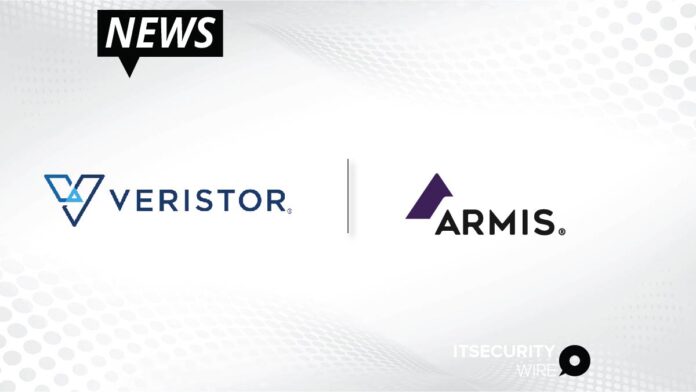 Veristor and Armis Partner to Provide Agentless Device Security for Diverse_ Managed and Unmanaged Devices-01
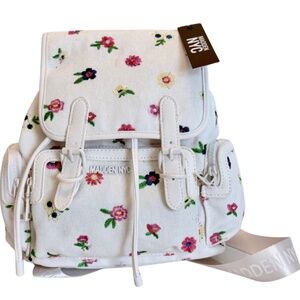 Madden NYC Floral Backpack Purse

...

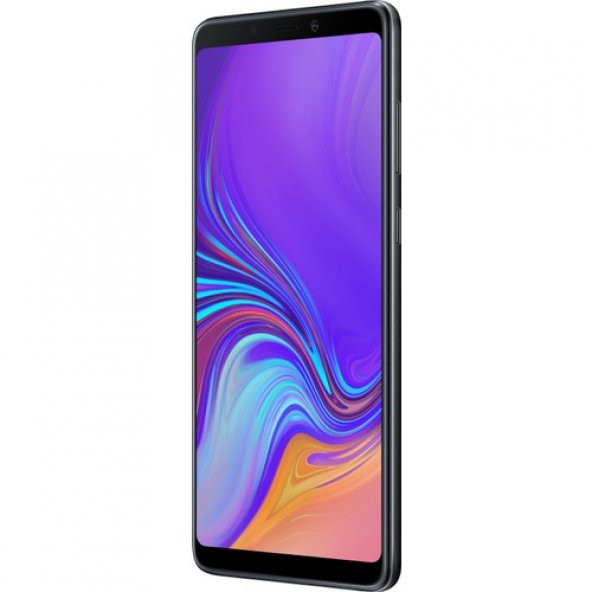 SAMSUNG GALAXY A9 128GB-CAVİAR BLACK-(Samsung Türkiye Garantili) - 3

## Problem details
Please output, exactly as written, the lines above from the one holding "Veristor and Armis" through the one holding "Madden NYC Floral Backpack Purse", both included, with the pictures omitted.

## Solved problem
 Veristor and Armis Partner to Provide Agentless Device Security for Diverse_ Managed and Unmanaged Devices-01
 Madden NYC Floral Backpack Purse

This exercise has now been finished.